> _INFORMATION GIVEN_:

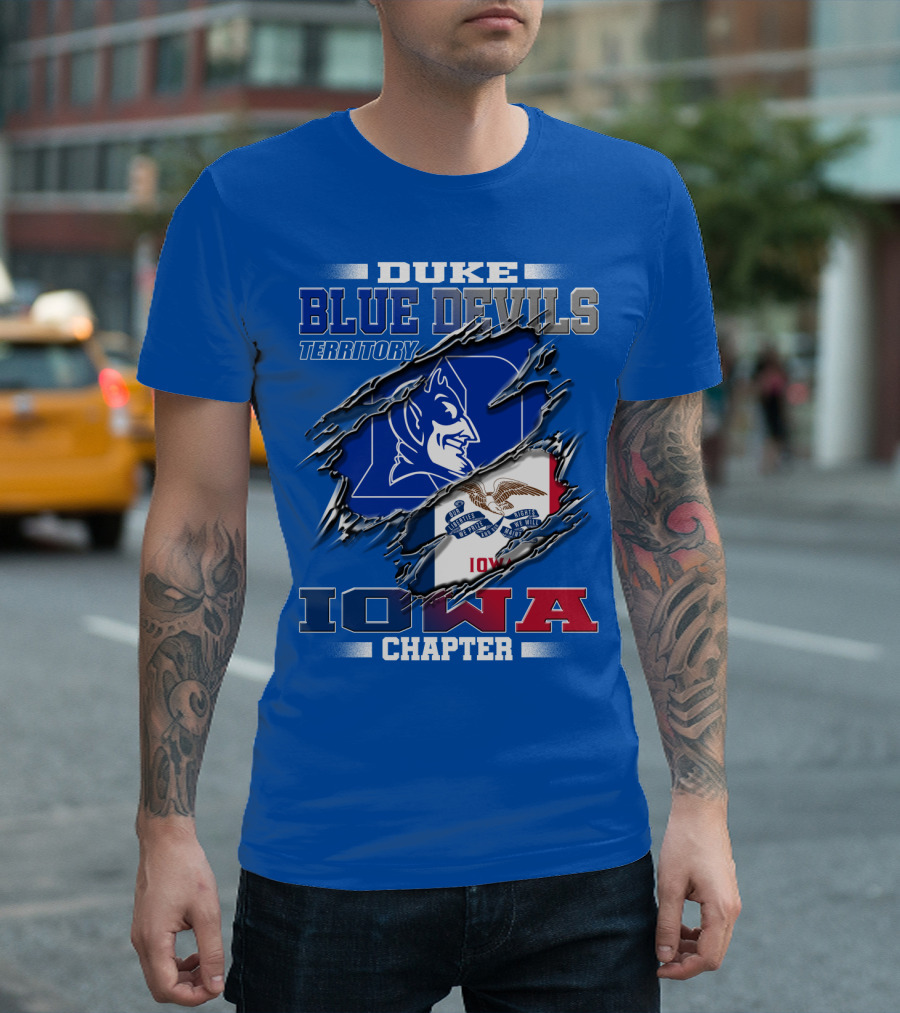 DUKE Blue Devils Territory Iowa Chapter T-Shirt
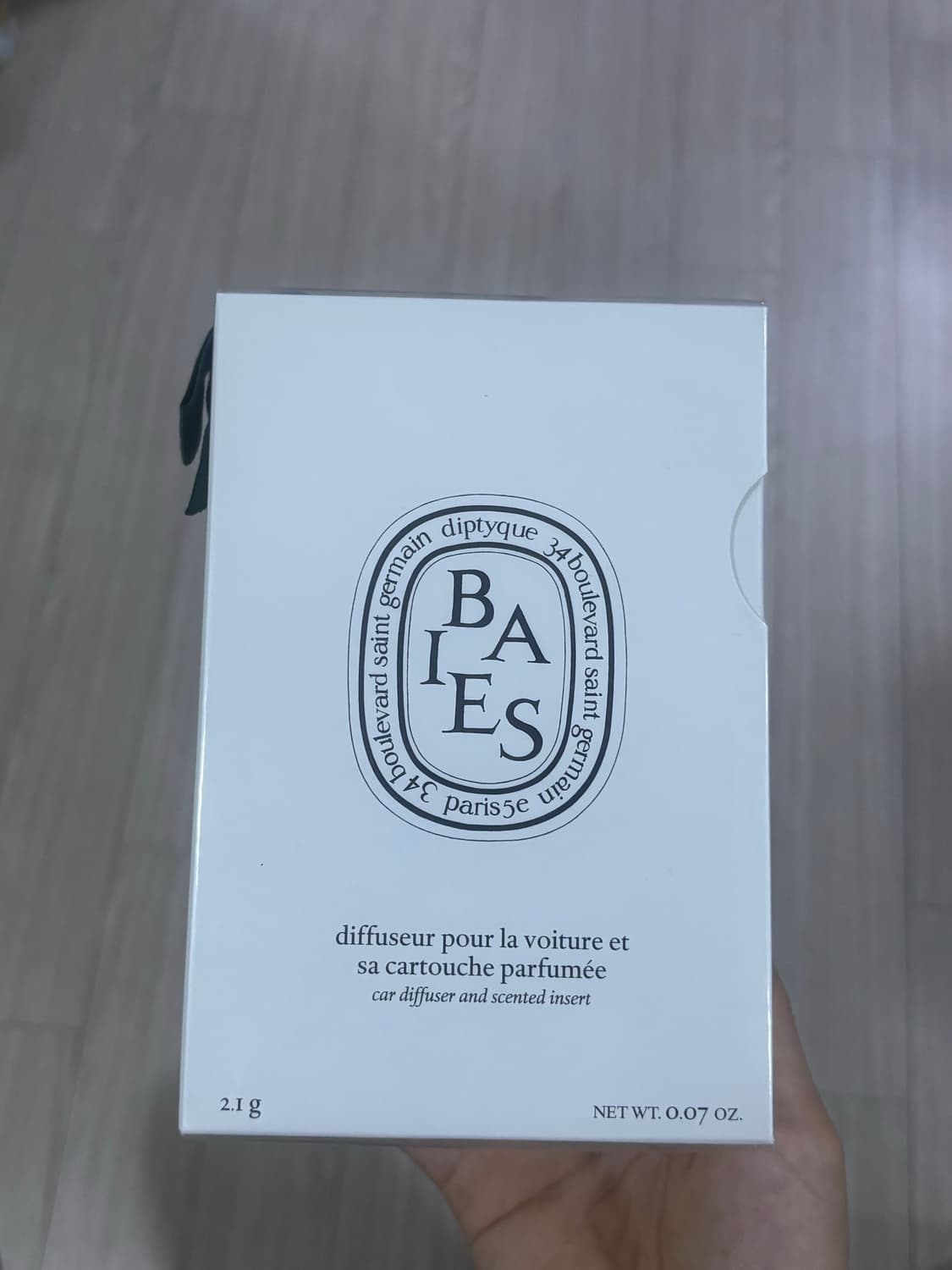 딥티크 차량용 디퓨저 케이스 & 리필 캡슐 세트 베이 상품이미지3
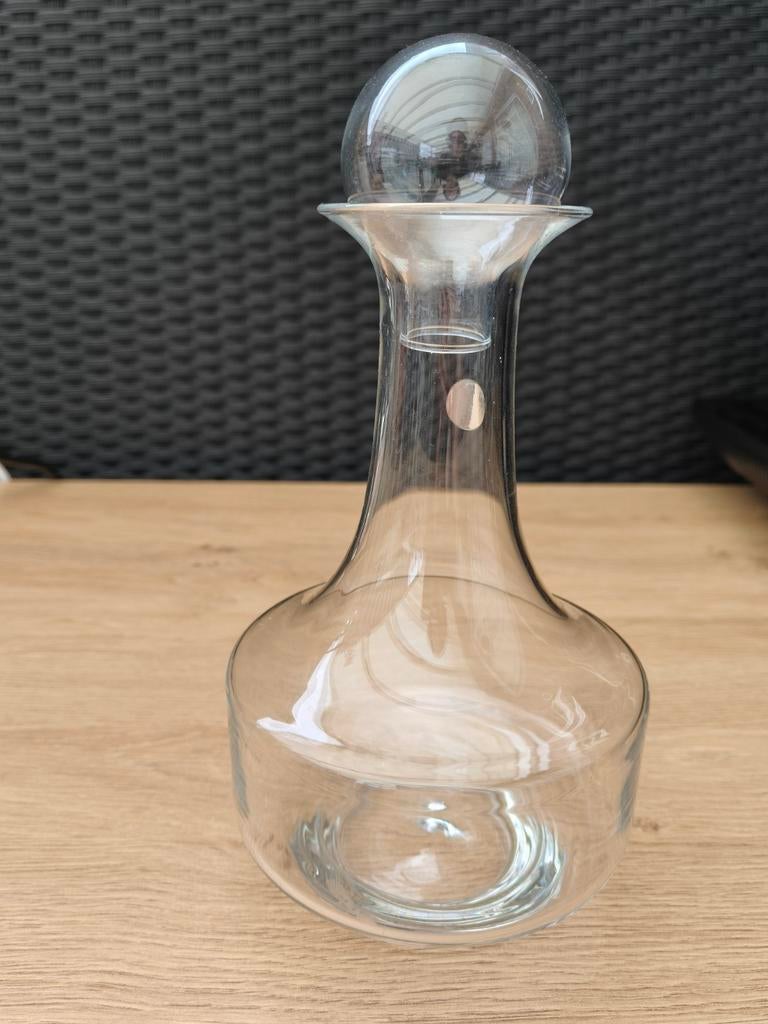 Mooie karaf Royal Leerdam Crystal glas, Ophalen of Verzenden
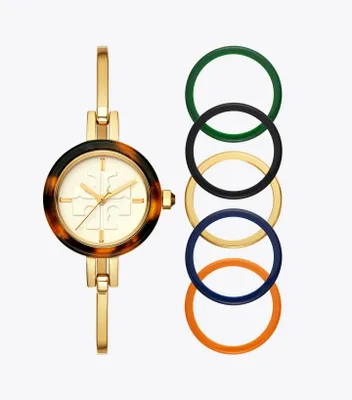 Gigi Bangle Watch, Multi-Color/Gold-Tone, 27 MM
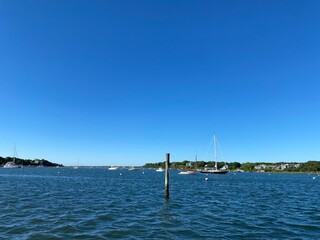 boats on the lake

--

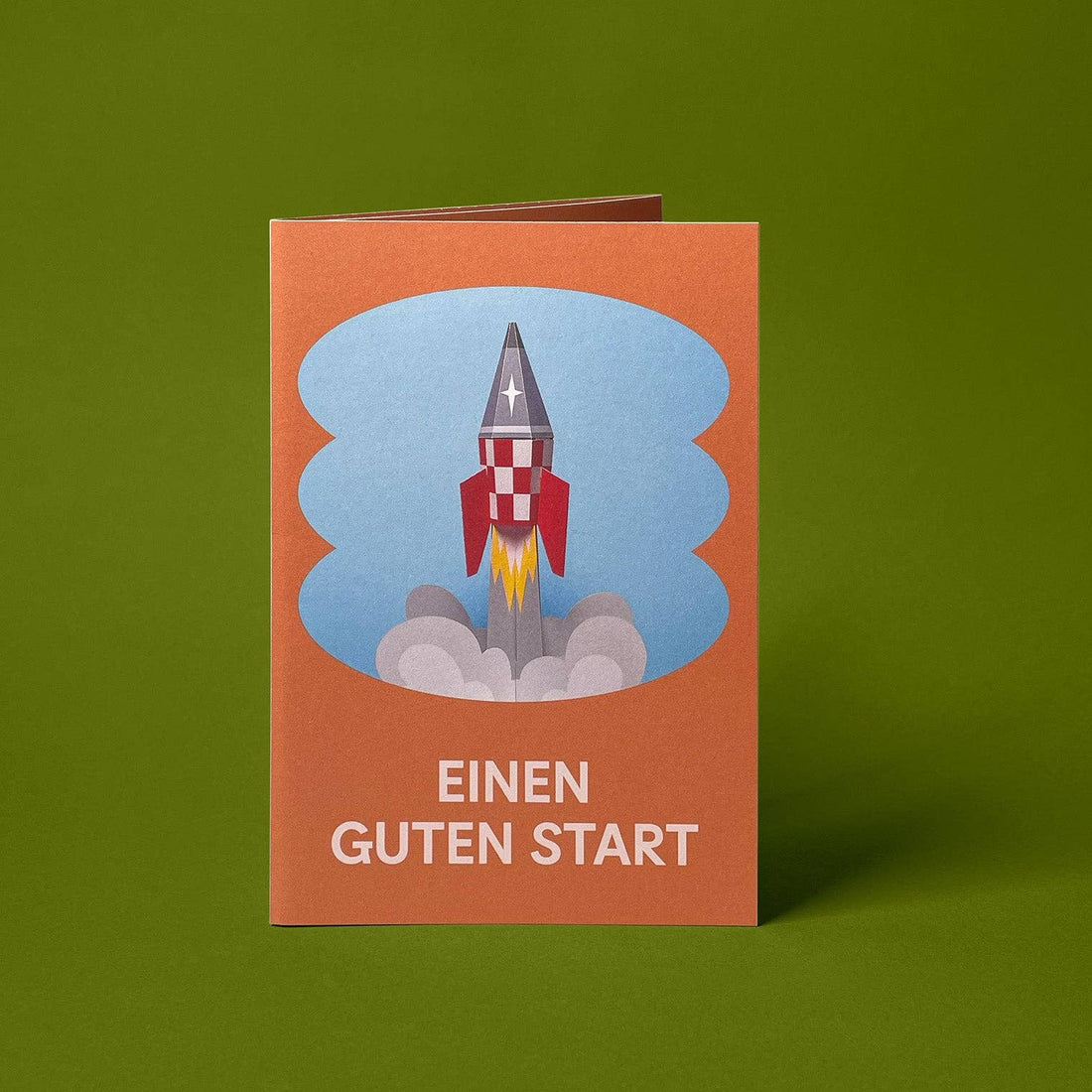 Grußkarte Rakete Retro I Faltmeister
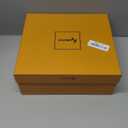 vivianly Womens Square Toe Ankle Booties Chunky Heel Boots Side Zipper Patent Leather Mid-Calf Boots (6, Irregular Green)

---

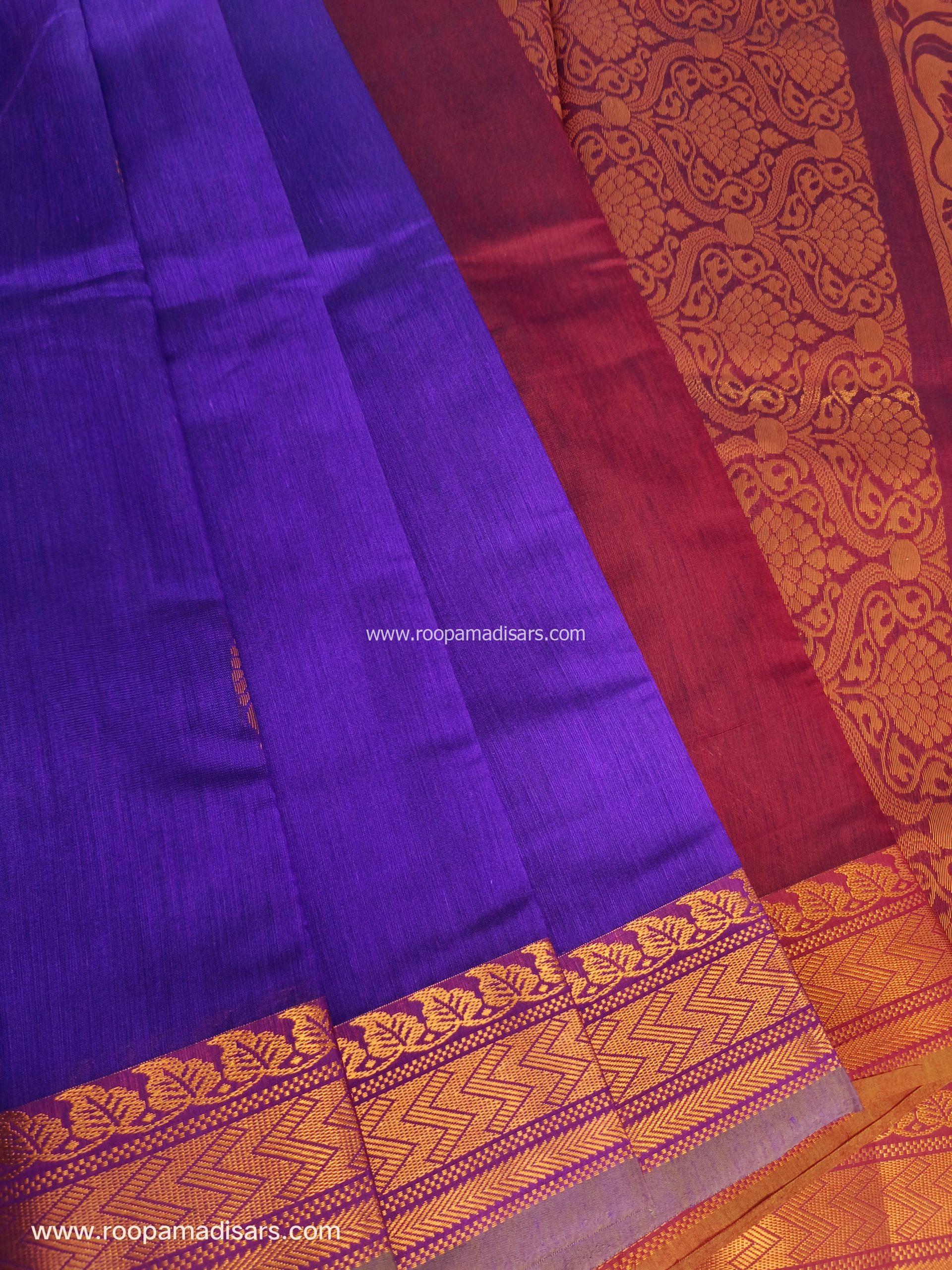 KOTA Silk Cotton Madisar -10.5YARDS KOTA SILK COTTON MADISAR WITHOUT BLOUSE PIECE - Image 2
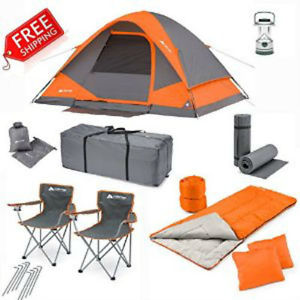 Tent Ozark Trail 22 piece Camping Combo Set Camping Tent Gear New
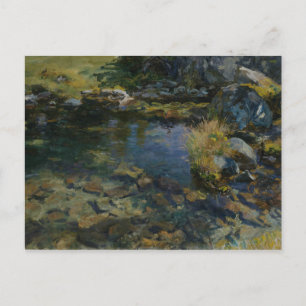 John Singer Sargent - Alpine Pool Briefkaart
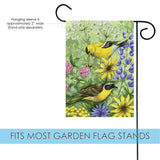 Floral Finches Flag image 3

> _TASK GOAL_:
Treat the line with "Tent Ozark Trail" as the start and the line with "Floral Finches Flag image 3" as the end, and return exactly that span of the data above, both ends included, without pictures.

> _OUTPUT_:
 Tent Ozark Trail 22 piece Camping Combo Set Camping Tent Gear New
 John Singer Sargent - Alpine Pool Briefkaart
 Floral Finches Flag image 3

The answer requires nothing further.